Variation in neuromodulation is limited in its ability to explain all individuality, however. In cases where silencing a neuromodulator leads to an increase in variability, it suggests that the root cause of the behavioral variability is a source other than variability in the direct effect of the neuromodulator in question.

Furthermore, it is difficult to reconcile this explanation with cases where individuality appears to be driven by the asymmetric innervation of known non-modulatory cell types, for example variation in object orientation in Drosophila melanogaster is driven by asymmetries in DCN neurons (Linneweber et al., 2020). In these cases, direct variation in neuromodulators cannot account for the observed variability.

Neuromodulators as Shapers of the Relationship Between Circuits and Behavior

In contrast to conventional neurotransmitters, neuromodulators are frequently insufficient to directly drive activity in neurons, instead altering intrinsic properties of the neuron and filtering the response to conventional neurotransmitters.
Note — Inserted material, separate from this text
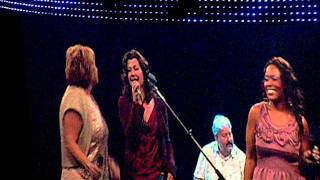 Amy Grant- Put a Little Love In Your Heart ft. Sandi Patty & Mandisa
Because the activity of neurons and circuits is non-linear and based on a wide range of factors, changes in intrinsic properties due to neuromodulation can either lead to a regime where a large variance in a parameter has little or no effect on the output of a circuit or a regime where small changes lead to large changes in behavior (Goldman et al., 2001; Grashow et al., 2009; Hamood and Marder, 2014; Marder et al., 2014). This observation mirrors similar observations and theory in evolutionary genetics, where certain mutations lead to canalization, suppressing phenotypic variations despite underlying variability in the genes (Félix and Barkoulas, 2015).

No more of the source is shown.